Source data:

----

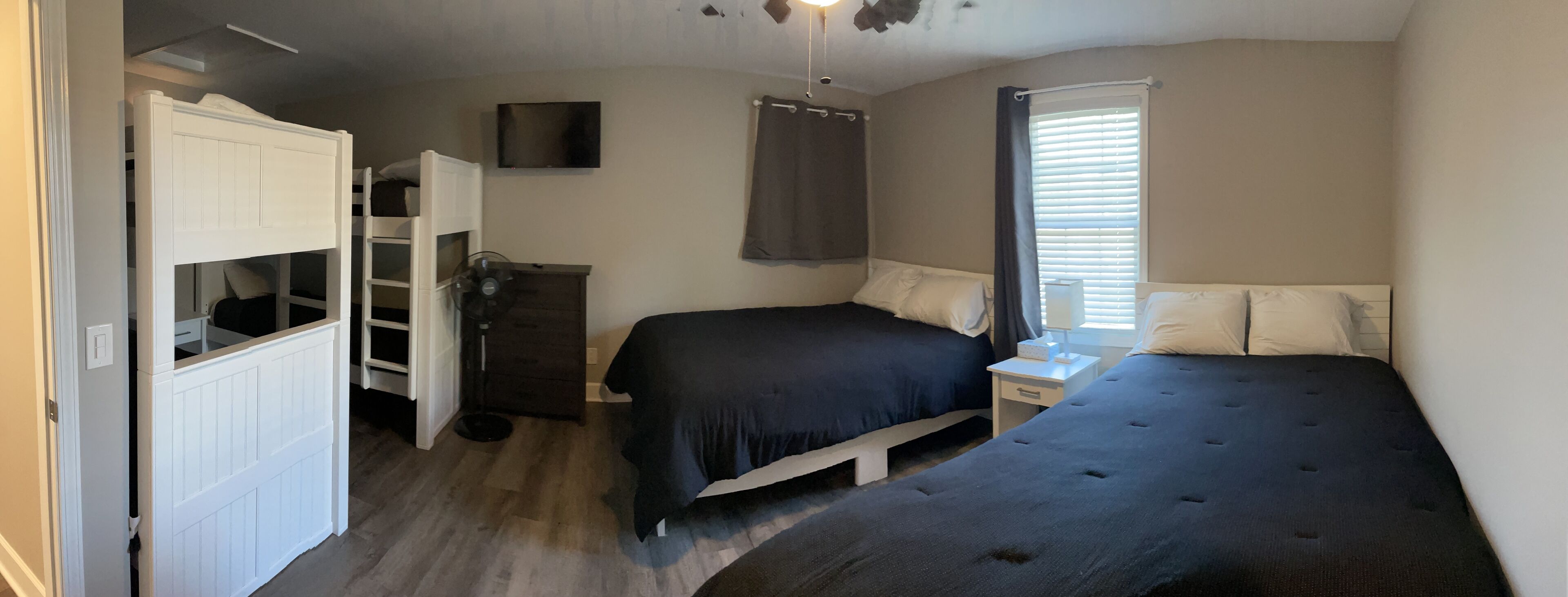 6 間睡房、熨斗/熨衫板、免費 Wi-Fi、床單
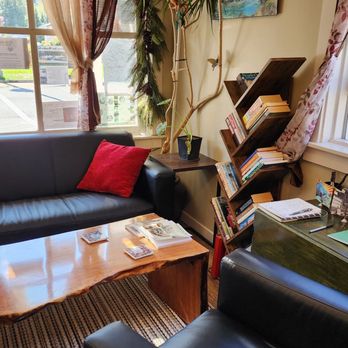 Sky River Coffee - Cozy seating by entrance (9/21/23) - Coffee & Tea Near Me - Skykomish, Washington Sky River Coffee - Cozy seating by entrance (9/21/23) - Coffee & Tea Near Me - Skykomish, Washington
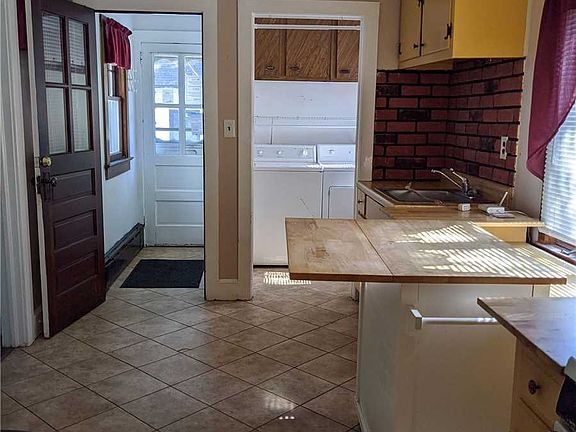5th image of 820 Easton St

----

Problem description:
Copy out the listing exactly as it stands, but not the pictures.

Answer box:
 6 間睡房、熨斗/熨衫板、免費 Wi-Fi、床單
 Sky River Coffee - Cozy seating by entrance (9/21/23) - Coffee & Tea Near Me - Skykomish, Washington Sky River Coffee - Cozy seating by entrance (9/21/23) - Coffee & Tea Near Me - Skykomish, Washington
5th image of 820 Easton St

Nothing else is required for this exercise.